Exercise directions
Could you find every line in the records below that contains the word "Bedroom" and copy it?

Extracted data entries:

┌────────

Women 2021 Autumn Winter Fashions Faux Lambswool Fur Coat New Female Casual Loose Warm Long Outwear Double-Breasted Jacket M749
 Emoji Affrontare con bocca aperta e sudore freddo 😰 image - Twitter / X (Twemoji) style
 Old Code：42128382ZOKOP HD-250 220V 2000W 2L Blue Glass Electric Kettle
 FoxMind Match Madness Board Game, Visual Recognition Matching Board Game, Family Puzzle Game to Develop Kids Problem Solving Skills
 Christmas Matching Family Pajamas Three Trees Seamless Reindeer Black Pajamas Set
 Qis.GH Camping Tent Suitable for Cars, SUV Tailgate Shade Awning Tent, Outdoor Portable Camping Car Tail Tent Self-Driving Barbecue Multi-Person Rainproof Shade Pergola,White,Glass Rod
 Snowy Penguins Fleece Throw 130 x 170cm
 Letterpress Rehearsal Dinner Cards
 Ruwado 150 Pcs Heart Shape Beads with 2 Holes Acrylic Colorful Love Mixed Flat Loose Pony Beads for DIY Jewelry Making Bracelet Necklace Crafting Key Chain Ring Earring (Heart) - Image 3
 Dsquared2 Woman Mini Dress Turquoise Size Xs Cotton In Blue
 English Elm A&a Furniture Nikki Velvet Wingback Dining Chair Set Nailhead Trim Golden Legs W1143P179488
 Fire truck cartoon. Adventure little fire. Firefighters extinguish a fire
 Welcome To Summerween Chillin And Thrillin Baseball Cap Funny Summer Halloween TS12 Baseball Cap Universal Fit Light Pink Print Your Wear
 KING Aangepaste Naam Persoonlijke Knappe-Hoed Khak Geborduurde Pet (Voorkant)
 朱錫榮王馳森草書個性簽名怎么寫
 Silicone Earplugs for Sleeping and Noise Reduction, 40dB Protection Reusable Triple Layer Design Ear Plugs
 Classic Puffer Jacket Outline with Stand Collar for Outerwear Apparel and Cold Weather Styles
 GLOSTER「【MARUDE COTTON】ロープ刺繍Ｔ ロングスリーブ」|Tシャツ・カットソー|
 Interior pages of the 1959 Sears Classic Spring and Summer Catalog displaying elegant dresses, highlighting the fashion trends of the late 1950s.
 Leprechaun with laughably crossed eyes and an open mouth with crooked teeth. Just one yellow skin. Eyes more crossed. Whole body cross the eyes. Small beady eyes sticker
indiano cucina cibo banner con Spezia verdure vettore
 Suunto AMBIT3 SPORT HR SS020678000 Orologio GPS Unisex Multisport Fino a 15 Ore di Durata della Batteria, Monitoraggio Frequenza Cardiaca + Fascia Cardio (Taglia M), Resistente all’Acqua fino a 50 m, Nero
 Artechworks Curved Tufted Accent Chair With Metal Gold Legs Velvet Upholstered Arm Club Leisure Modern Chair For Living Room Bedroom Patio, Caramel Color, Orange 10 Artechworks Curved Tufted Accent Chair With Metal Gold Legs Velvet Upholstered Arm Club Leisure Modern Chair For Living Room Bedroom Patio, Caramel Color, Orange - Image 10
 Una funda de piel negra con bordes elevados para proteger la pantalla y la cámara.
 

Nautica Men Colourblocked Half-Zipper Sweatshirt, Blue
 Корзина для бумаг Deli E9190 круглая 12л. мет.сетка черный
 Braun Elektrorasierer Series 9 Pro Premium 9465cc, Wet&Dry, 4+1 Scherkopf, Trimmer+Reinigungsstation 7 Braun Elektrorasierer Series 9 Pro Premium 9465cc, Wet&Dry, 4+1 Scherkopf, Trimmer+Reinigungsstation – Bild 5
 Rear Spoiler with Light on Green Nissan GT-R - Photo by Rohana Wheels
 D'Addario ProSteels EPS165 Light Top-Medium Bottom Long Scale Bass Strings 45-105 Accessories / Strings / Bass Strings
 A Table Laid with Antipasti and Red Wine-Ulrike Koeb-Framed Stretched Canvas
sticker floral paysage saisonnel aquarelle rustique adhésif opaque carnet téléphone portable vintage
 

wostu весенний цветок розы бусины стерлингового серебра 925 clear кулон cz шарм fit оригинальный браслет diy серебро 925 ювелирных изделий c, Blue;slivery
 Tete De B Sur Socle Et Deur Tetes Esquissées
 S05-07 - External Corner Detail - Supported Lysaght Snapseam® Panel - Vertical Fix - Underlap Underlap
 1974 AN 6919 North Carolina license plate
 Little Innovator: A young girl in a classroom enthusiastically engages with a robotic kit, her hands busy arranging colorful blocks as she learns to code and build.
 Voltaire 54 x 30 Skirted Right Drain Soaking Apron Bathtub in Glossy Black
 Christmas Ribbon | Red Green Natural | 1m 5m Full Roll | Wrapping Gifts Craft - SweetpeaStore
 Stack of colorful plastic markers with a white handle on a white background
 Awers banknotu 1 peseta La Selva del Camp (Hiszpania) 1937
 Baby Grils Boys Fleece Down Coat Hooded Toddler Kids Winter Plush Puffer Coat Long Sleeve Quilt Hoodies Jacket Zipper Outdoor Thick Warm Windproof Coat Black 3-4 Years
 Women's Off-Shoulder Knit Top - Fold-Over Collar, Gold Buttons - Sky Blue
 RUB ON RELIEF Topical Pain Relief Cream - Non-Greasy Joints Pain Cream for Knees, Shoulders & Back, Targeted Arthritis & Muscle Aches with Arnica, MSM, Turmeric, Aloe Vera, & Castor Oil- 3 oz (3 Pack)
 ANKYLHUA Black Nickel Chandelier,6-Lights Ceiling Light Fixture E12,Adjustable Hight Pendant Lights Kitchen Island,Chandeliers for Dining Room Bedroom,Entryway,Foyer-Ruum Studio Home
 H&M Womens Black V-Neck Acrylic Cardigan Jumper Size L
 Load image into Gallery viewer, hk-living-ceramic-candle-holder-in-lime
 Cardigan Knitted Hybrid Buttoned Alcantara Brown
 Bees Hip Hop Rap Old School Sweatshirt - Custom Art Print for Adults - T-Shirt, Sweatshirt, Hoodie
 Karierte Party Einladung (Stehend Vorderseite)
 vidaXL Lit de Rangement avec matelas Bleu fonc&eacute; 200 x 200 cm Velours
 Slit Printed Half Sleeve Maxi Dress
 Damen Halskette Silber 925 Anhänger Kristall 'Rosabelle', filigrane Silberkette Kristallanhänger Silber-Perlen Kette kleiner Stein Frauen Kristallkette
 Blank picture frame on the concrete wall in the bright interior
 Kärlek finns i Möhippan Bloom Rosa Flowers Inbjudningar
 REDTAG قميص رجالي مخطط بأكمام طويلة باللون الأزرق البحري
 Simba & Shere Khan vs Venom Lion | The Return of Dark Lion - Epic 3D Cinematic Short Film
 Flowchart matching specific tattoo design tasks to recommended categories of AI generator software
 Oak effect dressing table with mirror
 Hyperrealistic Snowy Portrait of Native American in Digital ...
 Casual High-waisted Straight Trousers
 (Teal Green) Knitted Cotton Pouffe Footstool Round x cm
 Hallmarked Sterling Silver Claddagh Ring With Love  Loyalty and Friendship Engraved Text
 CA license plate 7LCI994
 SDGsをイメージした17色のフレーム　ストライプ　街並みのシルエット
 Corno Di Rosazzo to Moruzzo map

└────────

Result below
 Artechworks Curved Tufted Accent Chair With Metal Gold Legs Velvet Upholstered Arm Club Leisure Modern Chair For Living Room Bedroom Patio, Caramel Color, Orange 10 Artechworks Curved Tufted Accent Chair With Metal Gold Legs Velvet Upholstered Arm Club Leisure Modern Chair For Living Room Bedroom Patio, Caramel Color, Orange - Image 10
 ANKYLHUA Black Nickel Chandelier,6-Lights Ceiling Light Fixture E12,Adjustable Hight Pendant Lights Kitchen Island,Chandeliers for Dining Room Bedroom,Entryway,Foyer-Ruum Studio Home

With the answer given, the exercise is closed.